In this paper, we extend the set of GrPPI execution policies in order to support FastFlow as a new backend.

4 FastFlow under GrPPI

In this section, we discuss how the FastFlow framework has been integrated into the GrPPI interface.

FastFlow natively supports high-level stream and data parallel programming patterns built on top of a lock-free run-time designed to boost performance on multi-core and many-cores architectures. This makes it perfectly suitable for being used as a backend in the GrPPI interface. FastFlow provides different high-level patterns as well as different lower level patterns (parallel applications building blocks) that may be both used to implement quite efficient parallel applications.
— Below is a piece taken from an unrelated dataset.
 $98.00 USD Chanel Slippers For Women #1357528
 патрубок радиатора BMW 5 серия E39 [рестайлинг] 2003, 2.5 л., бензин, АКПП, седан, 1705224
In this section, we will go through the process of implementing GrPPI ’s interface by means of FastFlow patterns, and we will provide an evaluation of the performance of the integration of FastFlow into GrPPI by comparing the pure FastFlow implementation against the wrapped one, in order to identify possible overheads.

4.1 Design

GrPPI provides parallel patterns to support both stream-processing and data-intensive applications. These parallel patterns can be nested and composed together, in order to model more complex behaviors. GrPPI currently supports different patterns, including: data parallel patterns (map, reduce, mapreduce, stencil), task-parallel patterns (divide & conquer), and stream parallel patterns (pipeline, farm, stream filter, stream reduction, stream iteration).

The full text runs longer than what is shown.